4. Conceptual 12M : Pushing Web-Scale Image-Text Pre-training to recognise Long-Tail visual concepts

Recently, model pretraining has gain huge popularity due to performance gains from pre-trained transformers and CNN architectures. Usually, we want to train the model on a similar dataset with huge no. of labels and then use transfer learning to utilise model on downstream tasks. So far, the only available large scale dataset for pre-training was CC-3M dataset for vision+language tasks with 3 million captions. Now, Google research team has extended this dataset to 12 million image-caption pairs by relaxing the constraints for data scrapping. What is more interesting is the approach by which the dataset was generated. The use of Google Cloud Natural Language API and Google Cloud Vision API for filtering tasks during dataset curation is something that can be a good lesson for any future dataset curation tasks. Using 12M dataset, the image captioning model was able to learn long-tailed concepts i.e. the concepts which are quite specific and rare in datasets. The results of the training approach were quite impressive and visualised below.

[Paper Link here]

5. Euro-PVI: Pedestrian Vehicle Interactions in Dense Urban Centers

While there is a much talk about the fully autonomous self-driving systems, the fact remains that its a very hard problem multiple problems to solve simultaneously in real-time.
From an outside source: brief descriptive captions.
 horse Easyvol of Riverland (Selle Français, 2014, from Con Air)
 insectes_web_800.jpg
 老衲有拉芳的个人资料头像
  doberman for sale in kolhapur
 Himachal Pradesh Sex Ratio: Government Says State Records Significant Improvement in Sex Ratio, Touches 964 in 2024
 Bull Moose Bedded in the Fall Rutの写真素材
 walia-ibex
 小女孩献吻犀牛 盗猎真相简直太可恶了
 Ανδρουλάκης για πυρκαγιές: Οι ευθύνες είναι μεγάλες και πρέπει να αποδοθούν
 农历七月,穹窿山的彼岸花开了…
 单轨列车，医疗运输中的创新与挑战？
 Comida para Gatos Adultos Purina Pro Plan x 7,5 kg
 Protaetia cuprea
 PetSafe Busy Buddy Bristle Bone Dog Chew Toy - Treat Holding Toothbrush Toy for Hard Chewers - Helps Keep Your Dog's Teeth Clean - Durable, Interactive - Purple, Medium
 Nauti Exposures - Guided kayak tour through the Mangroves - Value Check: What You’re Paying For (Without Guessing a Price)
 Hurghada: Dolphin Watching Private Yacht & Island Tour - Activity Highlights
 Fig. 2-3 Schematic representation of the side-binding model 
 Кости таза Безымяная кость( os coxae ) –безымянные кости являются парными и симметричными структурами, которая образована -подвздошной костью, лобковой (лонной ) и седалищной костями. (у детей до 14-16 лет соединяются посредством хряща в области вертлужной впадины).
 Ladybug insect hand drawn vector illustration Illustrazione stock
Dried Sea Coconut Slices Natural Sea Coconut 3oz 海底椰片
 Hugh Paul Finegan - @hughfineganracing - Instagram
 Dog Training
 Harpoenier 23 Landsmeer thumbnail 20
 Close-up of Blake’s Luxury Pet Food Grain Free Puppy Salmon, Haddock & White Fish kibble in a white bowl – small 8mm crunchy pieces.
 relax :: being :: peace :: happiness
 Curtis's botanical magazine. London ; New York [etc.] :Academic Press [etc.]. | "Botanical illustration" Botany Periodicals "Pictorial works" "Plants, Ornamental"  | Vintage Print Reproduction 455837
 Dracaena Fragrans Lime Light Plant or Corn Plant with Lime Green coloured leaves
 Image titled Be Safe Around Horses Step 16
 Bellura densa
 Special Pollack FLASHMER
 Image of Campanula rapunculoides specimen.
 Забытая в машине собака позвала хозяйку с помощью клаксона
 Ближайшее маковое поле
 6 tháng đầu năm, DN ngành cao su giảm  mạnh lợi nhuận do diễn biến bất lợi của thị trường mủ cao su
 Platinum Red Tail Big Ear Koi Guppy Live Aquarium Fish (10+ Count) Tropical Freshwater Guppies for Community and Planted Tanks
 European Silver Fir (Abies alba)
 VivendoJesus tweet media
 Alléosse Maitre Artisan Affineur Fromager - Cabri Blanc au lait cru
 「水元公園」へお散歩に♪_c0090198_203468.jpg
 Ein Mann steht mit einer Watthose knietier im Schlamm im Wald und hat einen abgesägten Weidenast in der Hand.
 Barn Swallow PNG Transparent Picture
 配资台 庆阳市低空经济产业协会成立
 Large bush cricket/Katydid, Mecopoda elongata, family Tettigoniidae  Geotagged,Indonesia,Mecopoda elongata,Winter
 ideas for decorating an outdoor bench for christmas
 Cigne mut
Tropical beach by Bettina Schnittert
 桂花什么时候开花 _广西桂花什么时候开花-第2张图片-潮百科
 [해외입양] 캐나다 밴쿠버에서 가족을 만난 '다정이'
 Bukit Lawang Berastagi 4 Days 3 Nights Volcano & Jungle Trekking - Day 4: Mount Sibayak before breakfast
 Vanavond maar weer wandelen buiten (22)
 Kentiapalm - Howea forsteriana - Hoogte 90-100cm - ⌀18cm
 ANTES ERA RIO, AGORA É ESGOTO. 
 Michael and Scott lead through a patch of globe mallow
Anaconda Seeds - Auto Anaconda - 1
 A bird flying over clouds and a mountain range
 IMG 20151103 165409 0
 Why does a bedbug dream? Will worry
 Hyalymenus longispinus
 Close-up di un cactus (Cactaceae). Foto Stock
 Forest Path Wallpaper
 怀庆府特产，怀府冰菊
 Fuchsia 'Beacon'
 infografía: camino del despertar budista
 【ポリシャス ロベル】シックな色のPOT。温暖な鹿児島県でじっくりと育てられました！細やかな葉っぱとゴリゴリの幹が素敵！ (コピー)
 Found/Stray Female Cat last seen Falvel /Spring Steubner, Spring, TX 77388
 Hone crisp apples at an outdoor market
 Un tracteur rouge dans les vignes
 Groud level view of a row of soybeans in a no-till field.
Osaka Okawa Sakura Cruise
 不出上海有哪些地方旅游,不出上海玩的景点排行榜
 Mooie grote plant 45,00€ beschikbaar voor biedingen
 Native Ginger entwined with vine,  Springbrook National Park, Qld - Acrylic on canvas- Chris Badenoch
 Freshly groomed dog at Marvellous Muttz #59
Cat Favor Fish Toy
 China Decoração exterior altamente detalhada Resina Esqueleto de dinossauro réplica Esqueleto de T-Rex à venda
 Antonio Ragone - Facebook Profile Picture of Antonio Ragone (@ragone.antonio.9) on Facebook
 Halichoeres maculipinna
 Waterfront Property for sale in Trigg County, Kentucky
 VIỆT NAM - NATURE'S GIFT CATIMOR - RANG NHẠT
One of the crucial part is making these autonomous systems understand the behaviour of pedestrians in response to their presence. Intuitively, we do it all the time but it can be quite a challenge for machines to do so. So, prediction of pedestrian trajectory in dense environment is a challenging task. Thus, Euro-PVI dataset is curated to solve this problem by training the model on labelled dataset of pedestrian and bicyclist trajectories. Earlier, datasets like Stanford Drones, nuScenes and Lyft L5 focused on trajectories of nearby vehicles but that is only one part of the complete picture in autonomous systems. Euro-PVI provides a comprehensive picture of interactions with information like visual scene at the time of interaction, velocities & acceleration during interaction and overall coordinate trajectory during the whole interaction.

All such information has to be mapped to the relevant latent space by the trained model. To tackle the problem of joint representation of trajectory and visual information in latent space, the same paper also proposes a generative architecture of Joint-B-VAE, a variational autoencoder trained to encode the actor’s trajectories and decode them into the future resultant trajectories.

[Paper Link here]

Conclusion

Overall, it was an amazing experience getting to know about the interesting problems that ML researchers are trying to solve using the labelled datasets and how the domain of machine learning and AI have started to emphasise on datasets as much as the algorithms. It will be interesting to follow up the datasets released in upcoming conferences like ICCV as well.